Laissez bronzer les Cadavres de Hélène Cattet et Bruno Forzani. 2017. France/Belgique. 1h32.
"Orgie solaire et plomb brûlant".
La mise en scène ? Un trip sensoriel, ultra stylisé, chaque plan suinte la perfection maniériste. Cattet et Forzani taillent l’espace, le son, le temps, comme on cisèle une idole païenne. Gros plans fétichistes, zooms assassins, éclats de métal et de chair, ralentis suspendus dans le néant. Le montage éclaté, halluciné, fait tournoyer les points de vue : on revit les mêmes scènes à travers d’autres regards, d'autres pulsions, toujours rythmées par l’heure affichée à l’écran, comme une montre piégée à la nitro.

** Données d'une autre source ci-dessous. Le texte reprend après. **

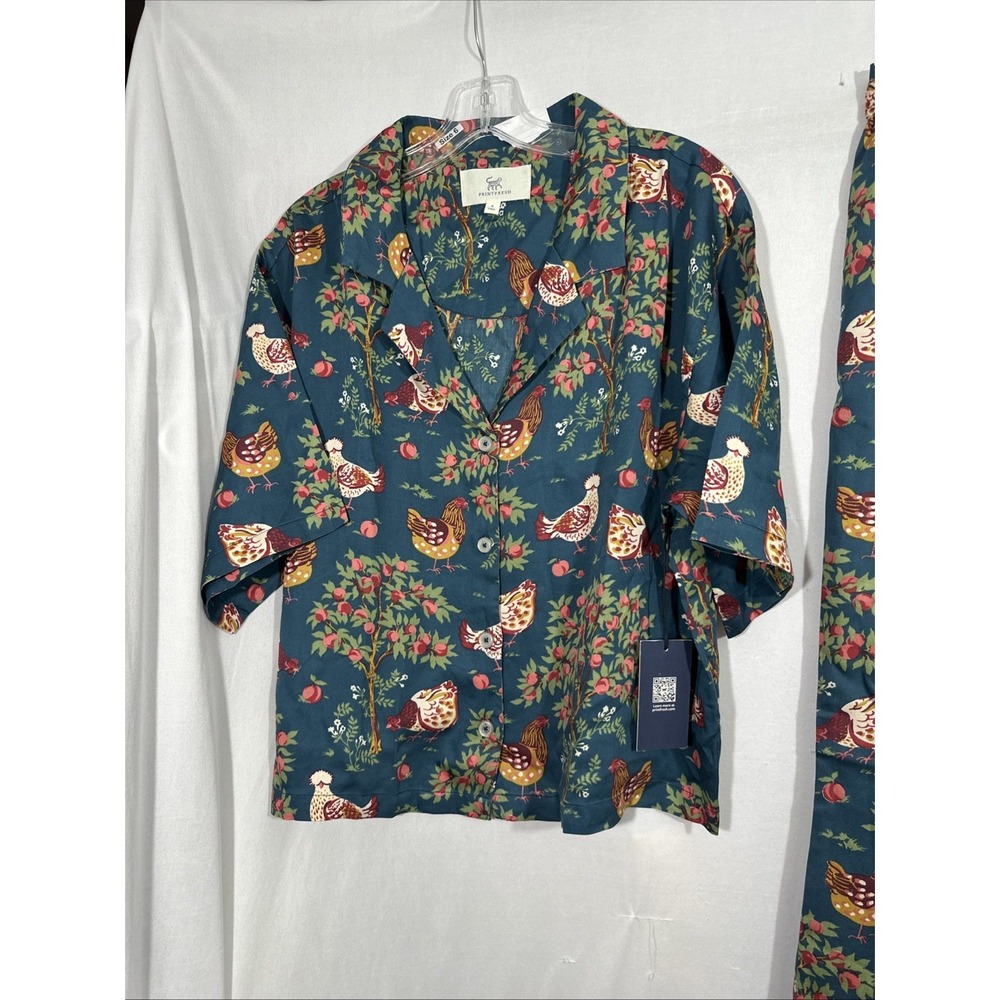 NWT $198 Printfresh‎ [ Small Tall ] Eco Satin Wildest Dreams Set Hen House T2164 - Picture 10 of 16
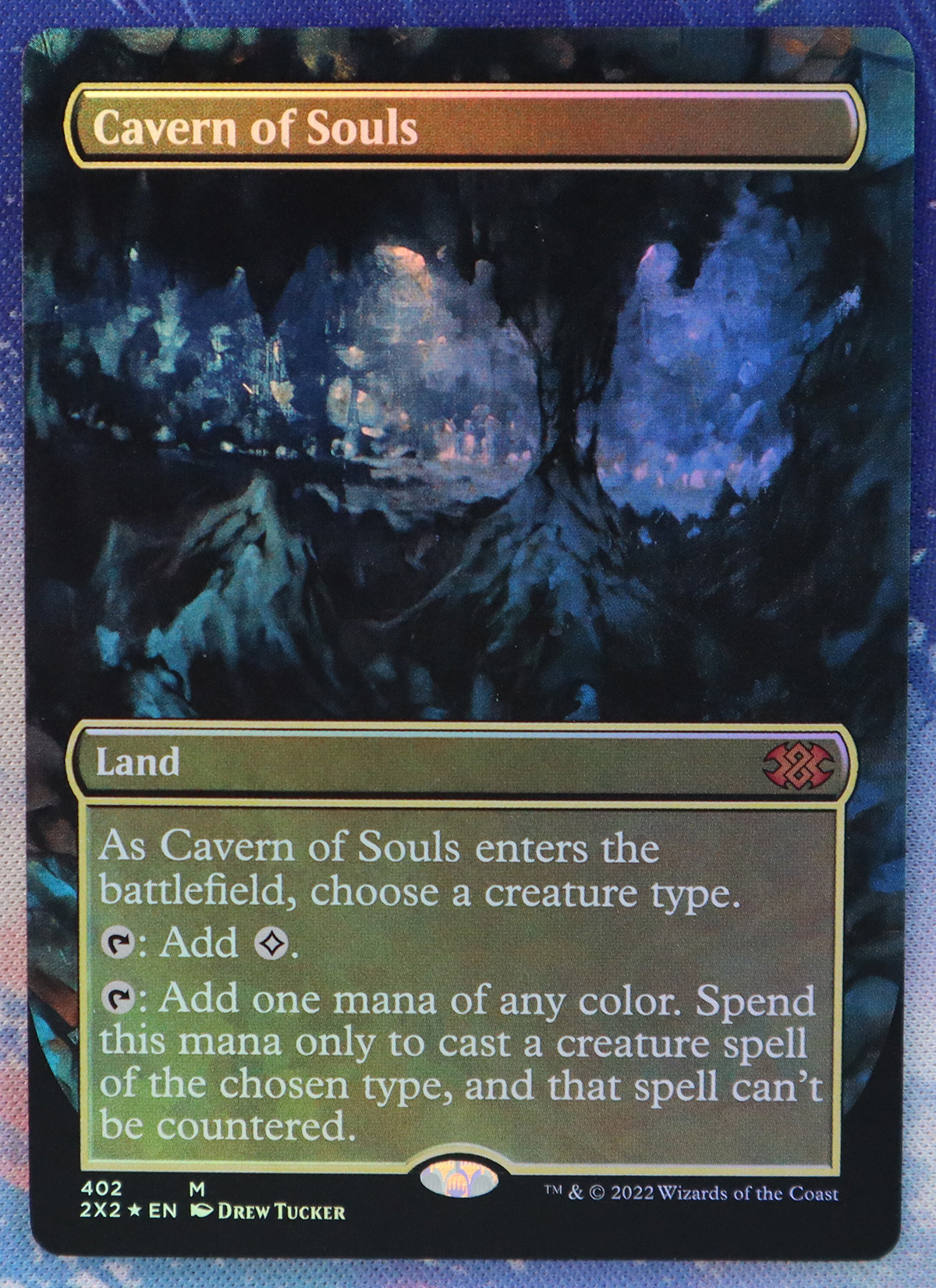 Cavern of Souls #402 English Double Masters 2022 (2X2) foil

Les acteurs ? Des gueules, des vraies, burinées, rugueuses, qu’on ne croise plus à l’écran. Ils n’interprètent pas, ils transpirent, ils brûlent. La violence, elle, n’est jamais gratuite, elle est rituelle, organique, sensorielle, féérique presque. Les corps s’aiment, se haïssent, se soumettent. Une femme qui urine sur la tête d’un homme, le viol par des balles de calibre, une autre fouettée, gorge ouverte, sous une pluie de champagne : jamais pornographique, jamais vulgaire. Onirique, dérangeant, d’une beauté toxique exotique.
Et puis viennent les fusillades, comme des ballets de feu et de mort. Du jamais-vu. Les chorégraphies explosent, entre Goldfinger et Fulci, entre Morricone et le rugissement du silence. Chaque tir est une note, chaque cri une pulsation. Le film devient opéra de mitraille sous des partitions transalpines que l'on s'entête par coeur.
C’est un cauchemar érotique en plein jour. Un rêve lucide baigné de sang, de poussière, de cendre (les corps se consument sous les flammes) et de soleil. Un pur orgasme cinématographique de souche française, une fois n'est pas coutume.